Vortex, manifeste d'écologie non-dualiste
Diagnostic cosmopoétique* de notre époque
Le vivant est un processus continu d'auto-différenciation conduit par le Soi, étincelle en nous d'une sphère infinie dont le
centre est partout et la périphérie nulle part.
Son enjeu est de réaliser l'union harmonieuse des contraires, malgré la division sans répit des identiques, œuvre diabolique.
Dans
son mouvement, ce processus connaît des moments de dégénérescence, se
manifestant sous forme de pathologies sociales et de régressions
politiques.
Ces tendances à la crise sont exploitées et
amplifiées par des acteurs en quête d'hégémonie, déclenchant la
dédifférenciation des structures et des institutions sociales ou
l'indifférenciation des personnes et des espaces publics.
L'accélération
de ces déconnexions systémiques provoque la sidération des
organisations existantes et entraîne la déconsidération des êtres
vivants.
En santé mentale, les symptômes
d'anxiété, de désorientation et de confusion sont les conséquences de la
stratégie du choc menée par le capitalisme du désastre.
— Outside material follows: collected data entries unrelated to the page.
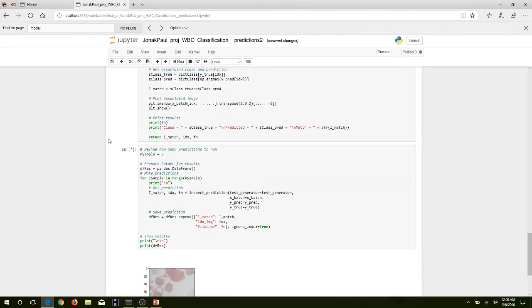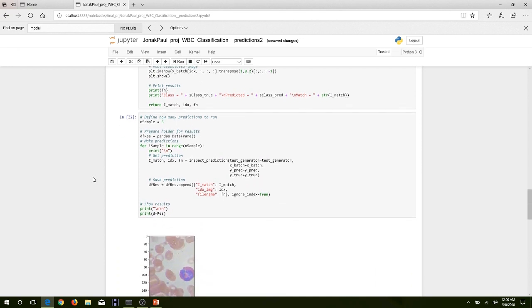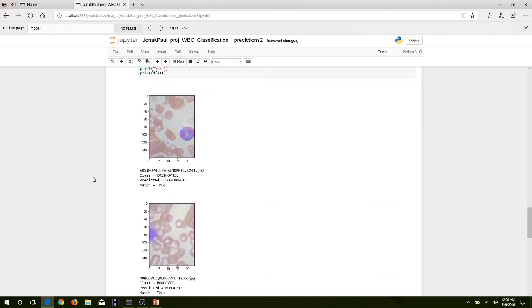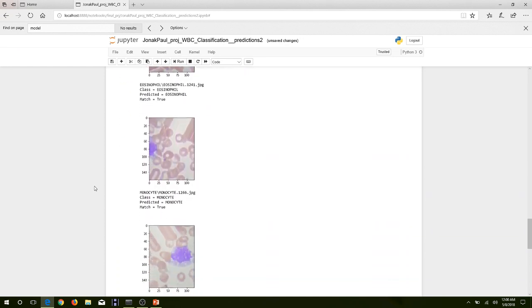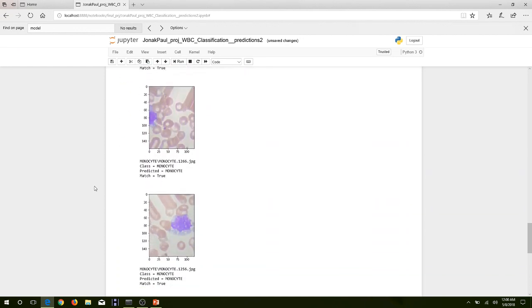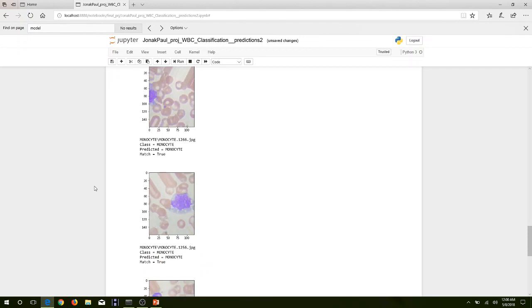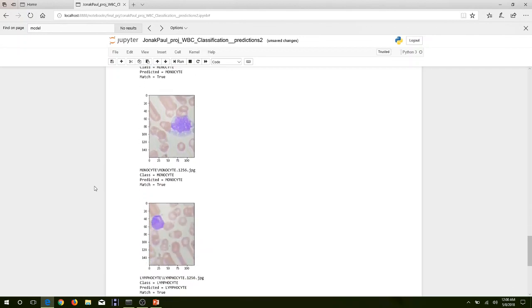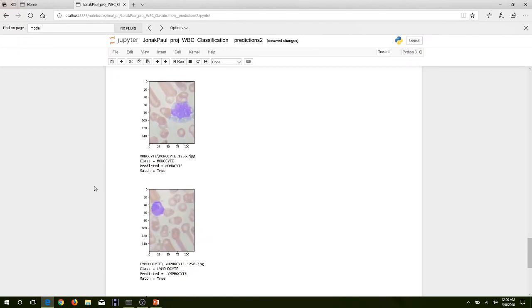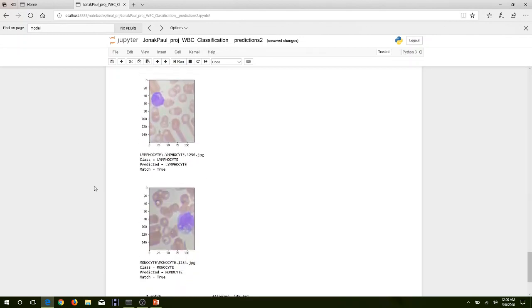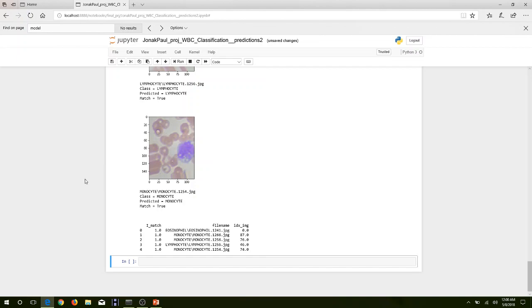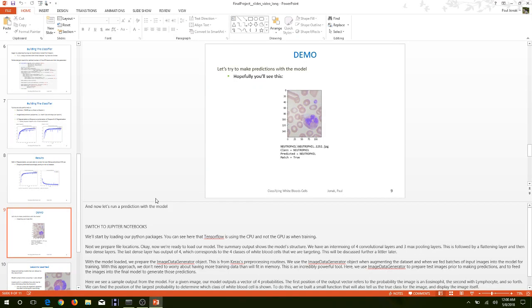Running the visualization again on another set of five random samples: eosinophil predicted as eosinophil, monocyte as monocyte, monocyte as monocyte, lymphocyte as lymphocyte, and monocyte as monocyte — all correct. Let's get back to the presentation.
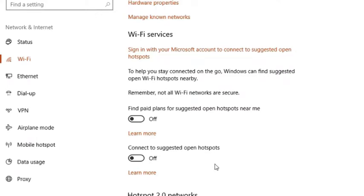You have successfully disabled Wi-Fi Sense in Windows 10. To turn it on, follow the same process and turn it on.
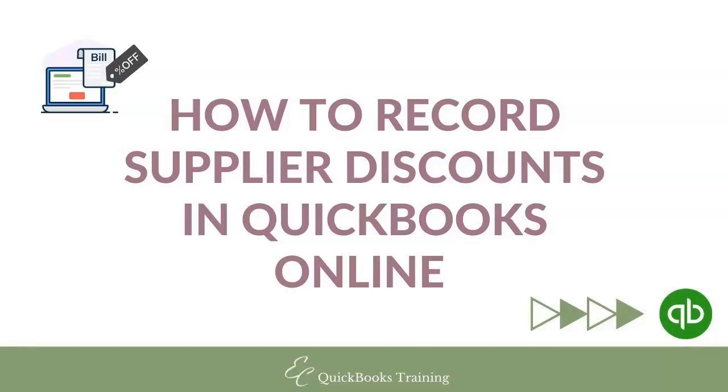Hello everyone, welcome to another tutorial with EC QuickBooks Training. In today's video, we will talk about how to record early payment discounts to suppliers in QuickBooks Online.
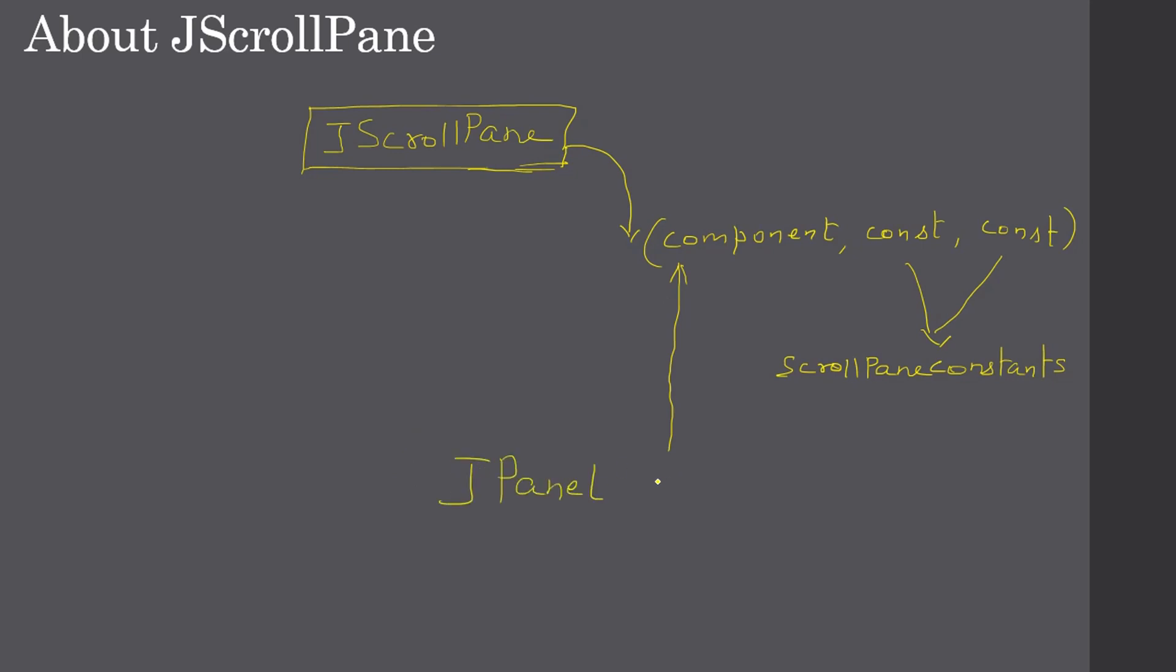In this example, we will create a JPanel. The JPanel will make use of a grid layout and it will produce a grid of text fields. That's all we are going to do here in this example. So let's go to Eclipse demo now.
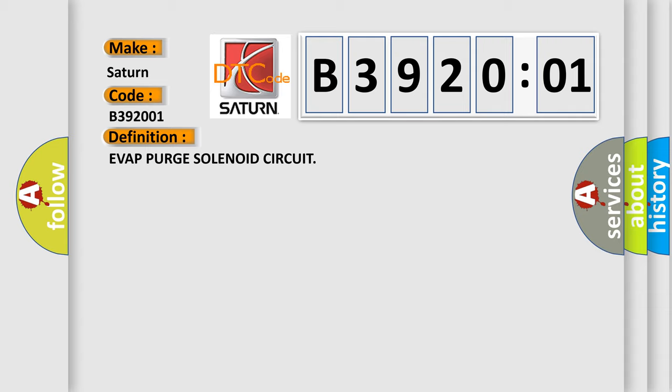Evaporative system overview. The powertrain control module PCM monitors the evaporative emission system operation. The two main areas being monitored are the integrity of the system against leaks and the ability of the system to get fuel vapor from the canister to the intake manifold.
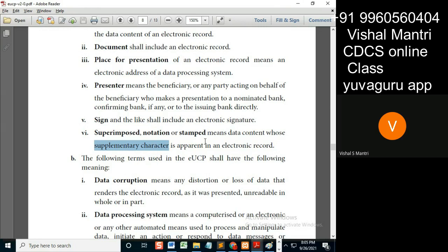If an inspector has to sign a document, it means it's dependent on his signing. Similarly, if an e-certificate is required and it has a supplementary character — meaning it is to be issued by a third party — then it should come from an ID which can authenticate that third party. The third party can give it from their own ID, or if they provide a physical stamp document, then UCP will apply for that.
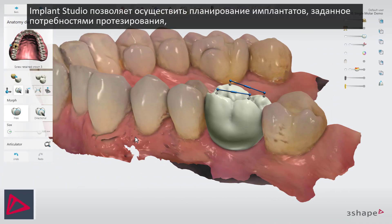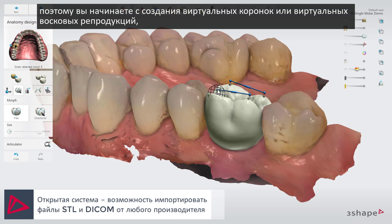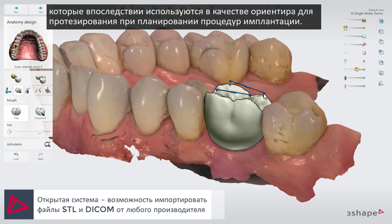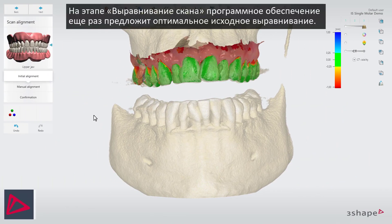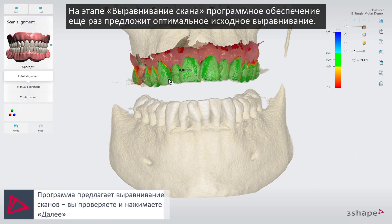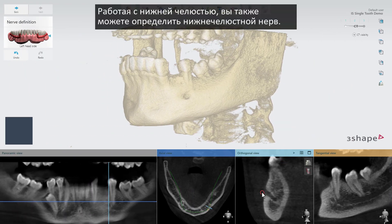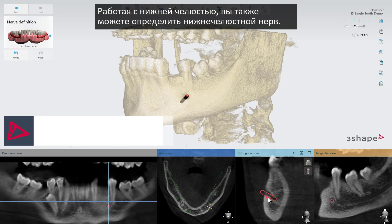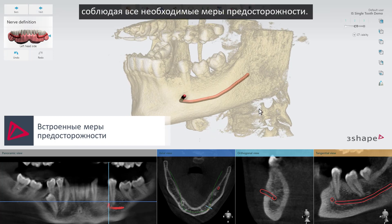Implant Studio enables prosthetic-driven implant planning. So you start by designing virtual crowns or virtual wax-ups, which are later used as your prosthetic reference when you plan the implant treatment. In the scan alignment step, the software will propose an initial optimal alignment. When working on the lower jaw, you can also define the mandibular nerve. A clearly defined nerve helps you realize the best possible way to plan your treatments while taking the necessary precautions.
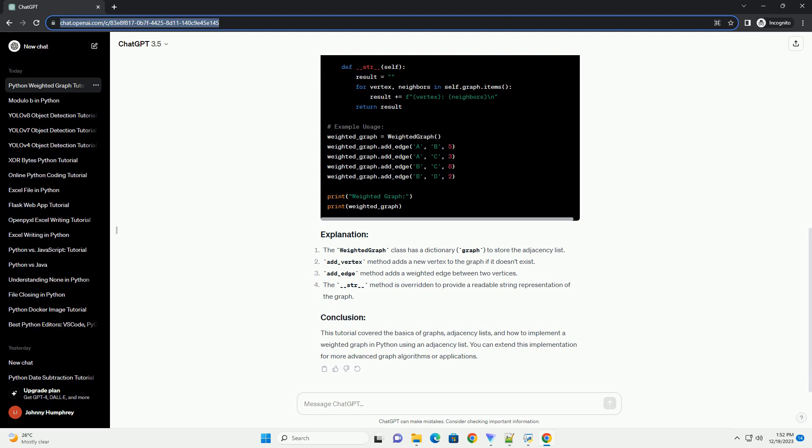Let's create a simple implementation of a weighted graph using an adjacency list in Python.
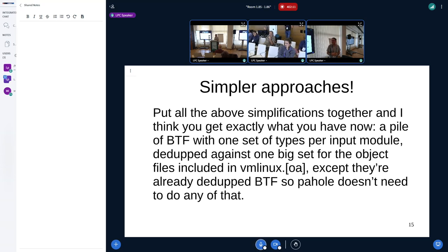The only difference is they never need to be deduplicated by PAhole — it can just read in the BTF, augment it, and write it straight out again to wherever it likes. If I'm wrong, please let me know.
Ses égrégores
malades, les fantasmes de complot, perpétuent le système destructeur.
La
surveillance de masse, la marchandisation du temps de cerveau et la
brutalisation des conflits verrouillent la réduction en zombi. Il faut
imaginer Sisyphe heureux, tel le hamster dans sa roue.
Dominée
par le dualisme, conditionnée par le matérialisme et idolâtre du
scientisme, la démesure d'avoir prétend pouvoir s'affranchir des limites
physiques de l'être, à tous les degrés de l'échelle cosmique.
L'hybris
transhumaniste effleure aussi le temps mythique où les chimères au
statut ambivalent côtoient les créatures hybrides, ce temps du rêve dans
lequel coexistent la communication spontanée avec le non-visible et les
impostures calculées par les intelligences artificielles.
La
dernière utopie avant l'extinction de notre étoile est, pour Icare, de
se laisser blesser par l'espérance et vivre humblement l'expérience de
la reliance. Embrassons la considération pour le vivant en et autour de
nous, en alternative à notre domination exorbitante sur lui.
Afin
de surmonter les résistances du passé projetées depuis le présent et
faire advenir notre nouveau futur, les voies quantiques du non-agir
interrompent la spirale mortifère en réalignant les deux foyers de
l'esprit: le Moi, centre lucide de la conscience individuelle, et le
Soi, noyau transcendant de l'inconscient collectif.
Comment
suis-je passé de l'activisme climatique au soin spirituel sans renoncer
à l'écologie politique? Il s'agit d'un changement d'attitude: je me
suis extrait du conditionnement par la dualité et ouvert à
l'harmonisation de l'être.
En 2022, j'ai
vécu une conversion bouleversante qui m'a réconcilié existentiellement
avec la puissance de vie. Depuis, j'accompagne les personnes dans leur
ouverture à l'expérience de la foi. Et à y recevoir la force d'avoir le
courage de protéger ce à quoi nous tenons.
Pas
d'autodéfense sans transcendance, pas de descendance sans décroissance. Cet
apprentissage est un fécond enseignement. Il me semble important de le
partager dans mon métier et avec mes camarades de lutte.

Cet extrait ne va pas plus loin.